Ci piacciono così
di behind
Il parco è di quelli chiusi, che ci devi passare davanti per forza e sai che sarai sotto i riflettori dal momento in cui entrerari a quello in cui varcherai la soglia del cancello per uscire.
La strada, poi, ti porterà dritto da loro.
Nel momento in cui scendi, sai che non potrai tornare indietro e proseguirai, obbligato dal tuo ruolo, dalla strada stessa, dalll’istinto, che forse è l’unica cosa che conta.
Sono in tre, ci avviciniamo e ci presentiamo, dicendo chi siamo e cosa facciamo.

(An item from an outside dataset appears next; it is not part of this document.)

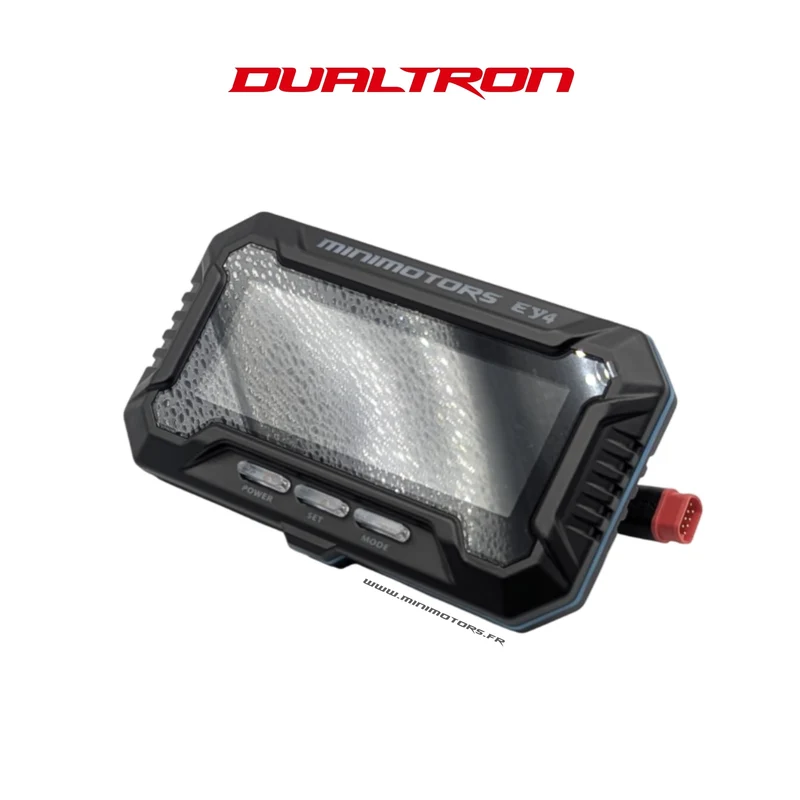 DISPLAY EY4 2023 CONNECTEUR ROUGE | DUALTRON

Uno riceve una provvidenziale (per lui) chiamata che lo costringe a distogliere la sua attenzione da noi al suo interlocutore, l’altro rimane nascosto, testa bassa sotto i riccioli, il terzo, maglia verde arrotolata sopra la testa, continua a fumare dell’erba, guardando un po’ noi e un po’ altrove. Sorridono, tra il sarcastico e l’ironico, quando sentono la parola educatore.
Ce ne andiamo poco dopo, salutando cordialmente. Qualcuno dirà che forse sarebbe stato meglio aspettare, che il momento non era buono, che abbiamo invaso i loro spazi. Magari hanno ragione.
Ma mentre vado sorrido.
Perché dopo tanto cercare li abbiamo trovati, quelli che piacciono a noi.

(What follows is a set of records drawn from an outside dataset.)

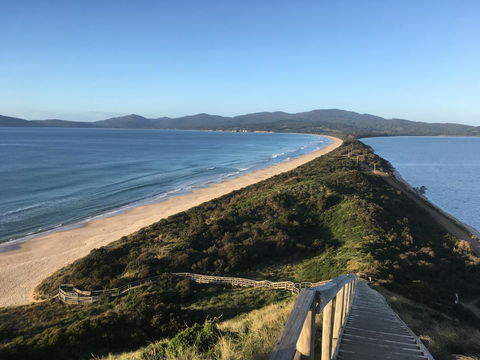 Couples Getaway On Bruny Island - Accommodation Main Beach 11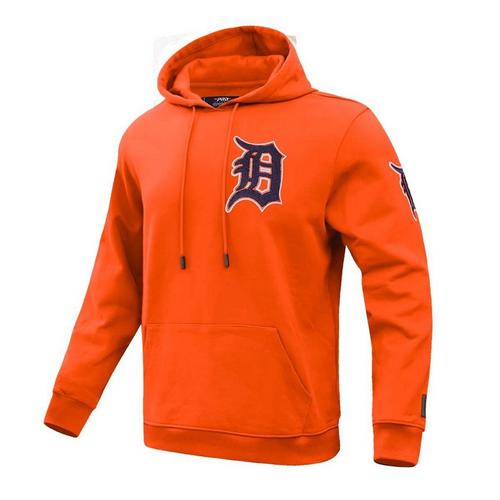 Pro Standard Detroit Tigers Classic Chenille Hoodie - Primary Image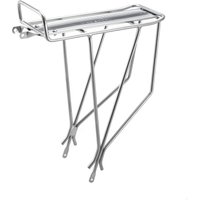 Freewheel M Part Trail rear pannier rack - silver | Extra 10% off for BC Members, money back guarantee + FREE Delivery options & Returns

Quelli che non ti salutano, che non ti degnano di uno sguardo, che non dicono il loro nome, che lo capisci da lontano che hai fatto centro, quelli che li devi andare a stanare. Quelli che si illudono che il loro silenzio non sia eloquente, quelli che ti dicono, senza parole, che la sfida è cominciata. Quelli che lì troverai la magia.

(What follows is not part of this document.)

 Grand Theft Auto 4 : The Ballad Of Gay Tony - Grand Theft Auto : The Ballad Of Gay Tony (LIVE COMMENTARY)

Sorrido, perchè mi ricordano che “il fiuto” ce l’ho ancora e che il mare si fa difficile.
Sorrido perchè mi fanno sentire come Capitan Billy Tyne quando al timone della sua Andrea Gail trova finalmente gli Spada, dopo aver attraversato il suo sconforto tra i Banchi di Terranova.
Sorrido perché dovremo cavalcare onde alte, perché è solo così che riusciremo a rientrare in porto.
E quindi torneremo, varcheremo di nuovo il cancello, ci sentiremo obbligati fino a che, fra molto tempo, alla fine, sentiremo la loro voce.